→ **Short text fragments from websites**:
----------------
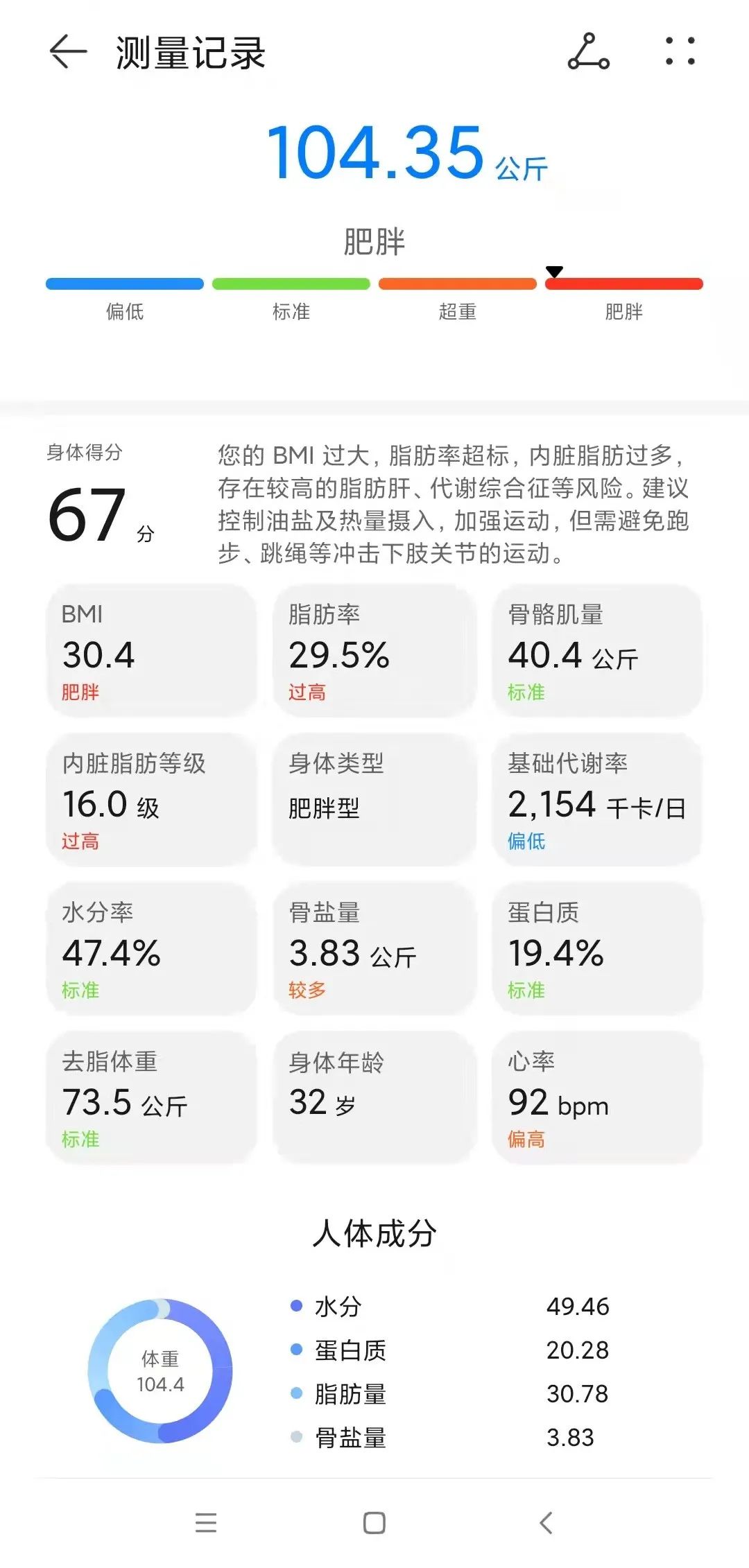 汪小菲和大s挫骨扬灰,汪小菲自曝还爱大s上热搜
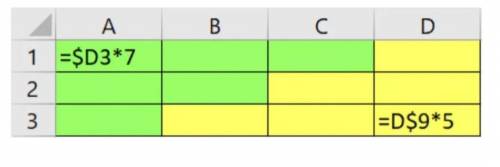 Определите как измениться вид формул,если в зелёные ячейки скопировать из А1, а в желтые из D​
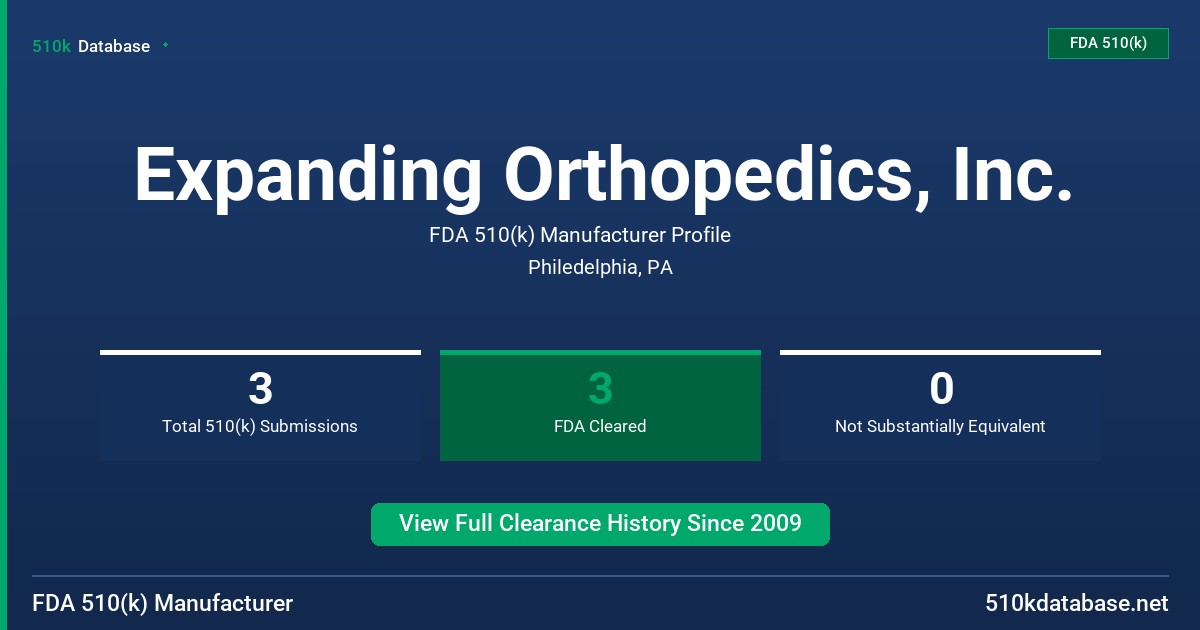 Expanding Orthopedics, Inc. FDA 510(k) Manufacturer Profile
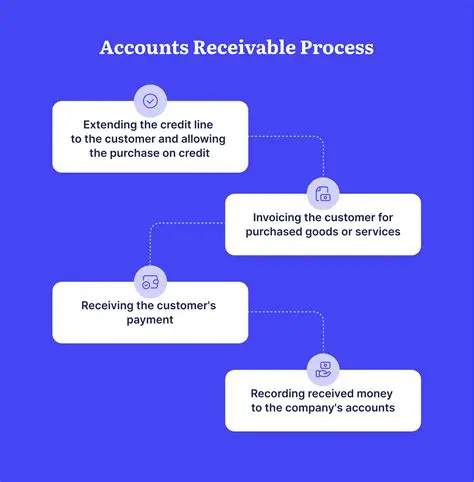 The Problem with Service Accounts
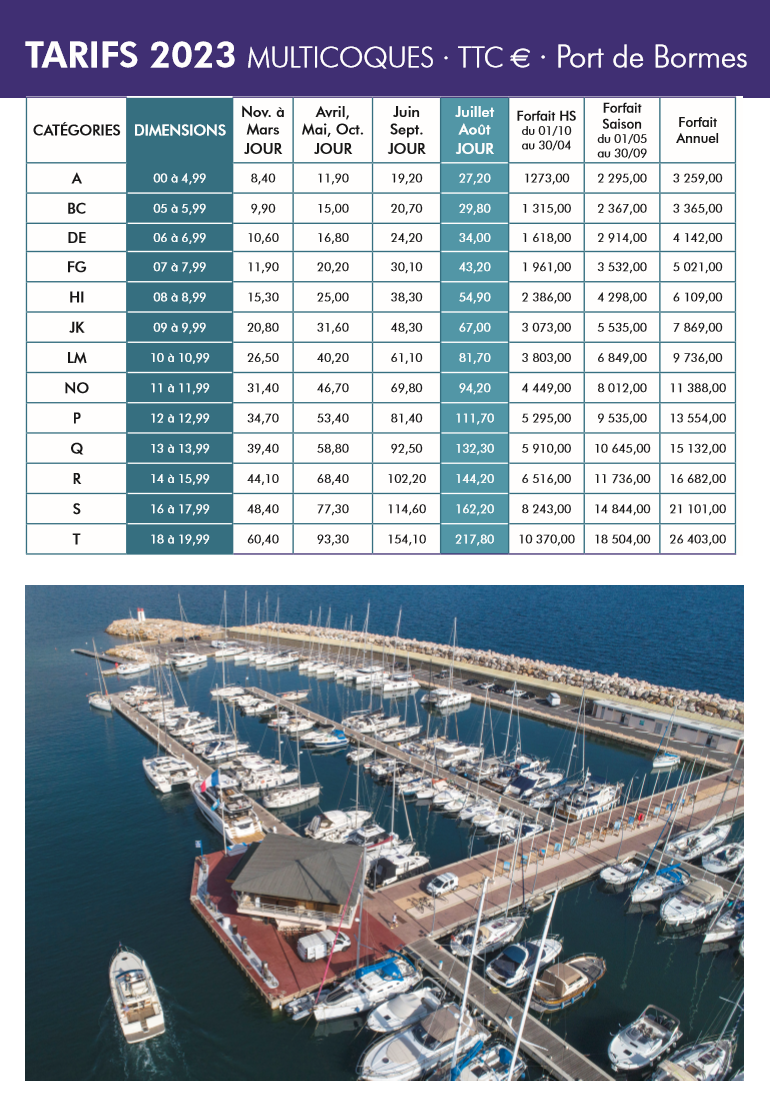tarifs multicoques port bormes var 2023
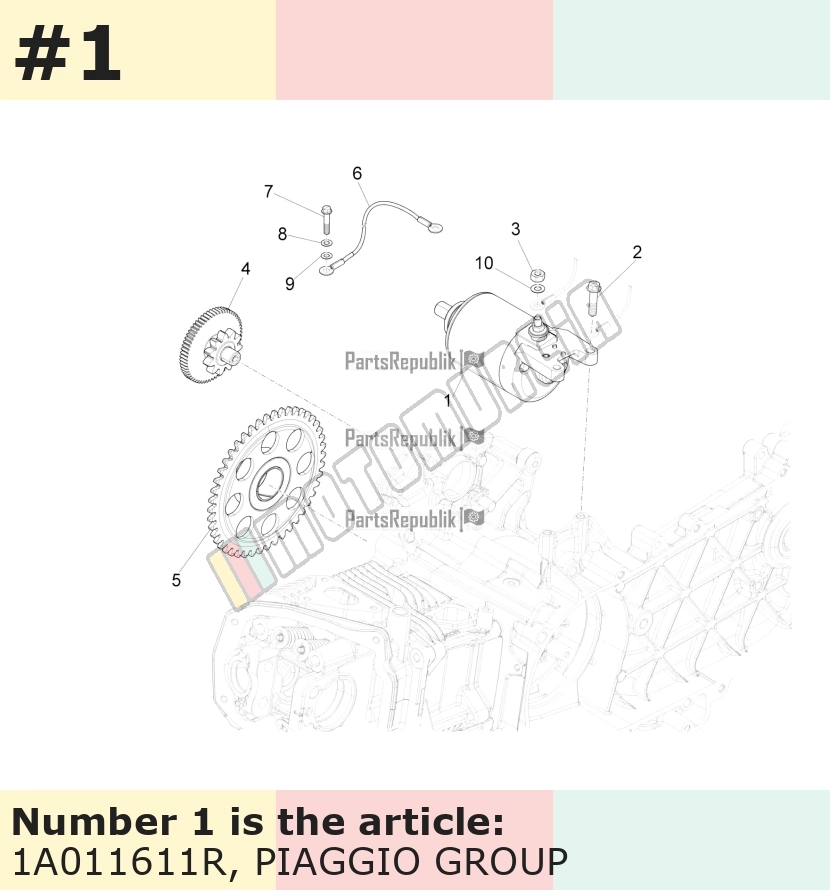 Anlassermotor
----------------
→ **Your task**: Every line from the line containing "Expanding Orthopedics, Inc." through the last line above is to be printed exactly. Pictures are not copied.

→ **Task solution**:
 Expanding Orthopedics, Inc. FDA 510(k) Manufacturer Profile
 The Problem with Service Accounts
tarifs multicoques port bormes var 2023
 Anlassermotor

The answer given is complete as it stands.